杨  涛,韦世奎+,朱振峰,赵  耀   

  1. 北京交通大学 计算机与信息技术学院 信息科学研究所,北京 100044
  • 出版日期:2015-12-01 发布日期:2015-12-04

Application of Neighborhood Reversibility Verifying in Heterogeneous Data Similarity Measure

YANG Tao, WEI Shikui+, ZHU Zhenfeng, ZHAO Yao   

  1. Institute of Information Science, College of Computer and Information Technology, Beijing Jiaotong University, Beijing 100044, China
  • Online:2015-12-01 Published:2015-12-04

摘要: 在单媒体类型的同构数据对象(如图像)之间存在近邻不可逆现象,即对象A是对象B的K近邻,但B不是A的近邻。同样,对于异构数据对象,也存在近邻不可逆性问题。尽管关于同构数据的近邻可逆性验证问题在相关文献中已有报道,但是异构数据的近邻可逆性验证问题尚未见报道。着重研究了多媒体文档(multimedia document,MMD)间的近邻可逆性问题。首先,建立了一个跨媒体检索框架——LE-KNN(Laplacian eigenmaps-K nearest neighbors),用于实现跨媒体数据的检索。其次,基于该框架,引进了两种提升近邻可逆性的方法:一方面,重新定义多媒体文档的近邻关系矩阵,提升多媒体文档间的近邻可逆性;另一方面,在单模态检索框架下加入上下文相似性度量(contextual dissimilarity measure,CDM)算法,调整库中各媒体之间的距离,使得数据库中各数据之间的近邻距离尽可能相等,从而提升库中数据的近邻可逆性。

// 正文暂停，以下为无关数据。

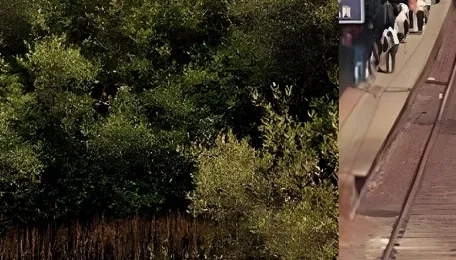 Mumbai Railway Expansion To Remove 166 Trees Between Borivali And Virar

实验数据证明,提升多媒体文档之间近邻可逆性有助于提高跨媒体检索的准确率。

关键词: 近邻可逆性, 多媒体文档, 跨媒体检索

Abstract: There is a phenomenon of neighborhood non-reversibility among single-media data objects. That is, object A is one of K neighbors of object B, but object B is not the neighbor of object A. In fact, similar phenomenon also exists among heterogeneous data objects. Although some good works had been made on neighborhood reversibility of single-media data, no effect has been paid on the neighborhood reversibility problem of heterogeneous data. This paper mainly focuses on the neighborhood reversibility problem of multimedia documents. Firstly, a cross-media retrieval framework, named LE-KNN (Laplacian eigenmaps-K nearest neighbors) is built, which is used to evaluate the effect of neighborhood reversibility in cross-media retrieval. Secondly, based on the framework, two methods are introduced to cross-media search. On the one hand, the neighborhood relationships of multimedia documents are redefined to improve the neighborhood reversibility of multimedia documents. On the other hand, contextual dissimilarity measure (CDM) algorithm is introduced to adjust the distances among single-media data objects in multimedia documents so as to improve the neighborhood reversibility of multimedia documents in dataset. The extensive experiments show that introducing the neighborhood reversibility verifying can remarkably improve the search accuracy of cross-media retrieval.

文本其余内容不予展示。